[xml] What Content-Type value should I send for my XML sitemap?

As a rule of thumb, the safest bet towards making your document be treated properly by all web servers, proxies, and client browsers, is probably the following:

  1. Use the application/xml content type
  2. Include a character encoding in the content type, probably UTF-8
  3. Include a matching character encoding in the encoding attribute of the XML document itself.

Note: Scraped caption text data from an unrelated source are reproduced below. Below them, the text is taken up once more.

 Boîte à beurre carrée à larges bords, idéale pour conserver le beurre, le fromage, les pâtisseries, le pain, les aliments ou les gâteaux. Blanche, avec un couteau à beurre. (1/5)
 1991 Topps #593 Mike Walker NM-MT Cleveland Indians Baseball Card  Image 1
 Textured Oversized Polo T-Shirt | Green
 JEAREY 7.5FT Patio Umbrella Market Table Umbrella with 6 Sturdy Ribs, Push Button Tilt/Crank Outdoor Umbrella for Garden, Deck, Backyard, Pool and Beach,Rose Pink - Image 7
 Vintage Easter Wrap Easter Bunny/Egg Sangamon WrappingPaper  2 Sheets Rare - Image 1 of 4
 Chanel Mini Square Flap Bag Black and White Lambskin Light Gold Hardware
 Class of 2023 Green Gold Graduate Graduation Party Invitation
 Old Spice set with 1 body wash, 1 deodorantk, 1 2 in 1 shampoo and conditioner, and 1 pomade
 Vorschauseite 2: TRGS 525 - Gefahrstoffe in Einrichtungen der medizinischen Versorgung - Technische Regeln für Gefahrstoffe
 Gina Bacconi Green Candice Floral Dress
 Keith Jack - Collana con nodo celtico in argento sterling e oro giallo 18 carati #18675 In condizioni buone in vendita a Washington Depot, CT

In terms of the RFC 3023 spec, which some browsers fail to implement properly, the major difference in the content types is in how clients are supposed to treat the character encoding, as follows:

For application/xml, application/xml-dtd, application/xml-external-parsed-entity, or any one of the subtypes of application/xml such as application/atom+xml, application/rss+xml or application/rdf+xml, the character encoding is determined in this order:

  1. the encoding given in the charset parameter of the Content-Type HTTP header
  2. the encoding given in the encoding attribute of the XML declaration within the document,
  3. utf-8.

For text/xml, text/xml-external-parsed-entity, or a subtype like text/foo+xml, the encoding attribute of the XML declaration within the document is ignored, and the character encoding is:

  1. the encoding given in the charset parameter of the Content-Type HTTP header, or
  2. us-ascii.

Most parsers don't implement the spec; they ignore the HTTP Context-Type and just use the encoding in the document. With so many ill-formed documents out there, that's unlikely to change any time soon.